When these six teens are thrust together for a capstone project that will determine their senior standing (it’s a very Breakfast Club sort of setup), they decide to focus on the mine, its history and its legends. Maddy is visibly put off by the focus, warning them that it’s a bad idea and that the church wouldn’t like it, though she can’t say why. On the night that they meet up to explore the mine during a party, tragedy strikes when six burnouts fall down the mine’s central shaft to their deaths. It’s a freak accident, the kind that always seems to occur when alcohol and teenage risk-taking are combined.

But there’s one problem with the accident story: Jia, Padma, Kelly, James, Maddy and Casey all saw the other teens’ demise…when they were thrown down the shaft by big, goonlike men wearing shearling coats. In the days that follow, as the investigation begins and is quickly silenced, our six main characters vow never to reveal what they saw and to disband their unlikely union to avoid suspicion --- and protect themselves.

Years later, Jia receives a call from the new sheriff, who has maintained a careful friendship with her since she and the other teens left town. He needs her help finding a missing person: Maddy, who, as far as Jia knows, has been completely estranged from Wesley Falls, Golden Praise and her family since that fateful night. So why was Maddy back in town, and why, when Jia finds her body in a sinkhole in the woods, is her manner of death incompatible with the autopsy report?

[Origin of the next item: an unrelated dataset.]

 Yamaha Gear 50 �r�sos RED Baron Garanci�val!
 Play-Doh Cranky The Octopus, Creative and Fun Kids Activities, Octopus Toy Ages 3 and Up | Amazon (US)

Despite their decade-old promise, Jia knows that it's time for her and her former friends to come back to Wesley Falls --- not only to discover what really happened to Maddy, but to learn the truth about that night, about Golden Praise’s hold on the town and about its new resurgence. There’s also one big, haunting mystery plaguing her. On her return to town, she sees Pastor Jim Preiss holding service at Golden Praise, still as beautifully and expensively maintained as it was back then. His presence is creepy enough on its own, but it’s also impossible. After all, Jia watched him die once.

Vera Kurian has a background in psychology, and just as she did in NEVER SAW ME COMING, she gets right into her characters’ (and readers’!) heads in A STEP PAST DARKNESS. With its enticing premise and promise of dual mysteries and timelines, this new book is easy to pick up, but it’s the characters that will keep you reading. Each of the six teens (and later adults) is dealing with a deeply complicated personal issue --- racism, queerness, purity and abuse, to name a few --- and Kurian makes great use of her dual timelines to explore the effects and ramifications of their problems.

With these strong foundations propping up the already enticing setting (who doesn’t love the idea of exploring an old mine in a picture-perfect town with something to hide?), her mysteries --- both Maddy’s death and the teens’ last night as normal citizens --- are able to grow and expand on their own terms, with Kurian delivering eerie twists, shocking turns and heart-palpitating scares along the way. At nearly 500 pages, this one is a bit slower to deliver than NEVER SAW ME COMING, and readers will really need to commit to her story. But once it picks up, there’s no letting go.

Full of devious, controlling villains, an omnipresent church with deep, sordid ties to its community, and characters who live and breathe their fight for justice, A STEP PAST DARKNESS is a compelling read with strong themes of small-town secrecy, religious control and patriarchal abuses of women.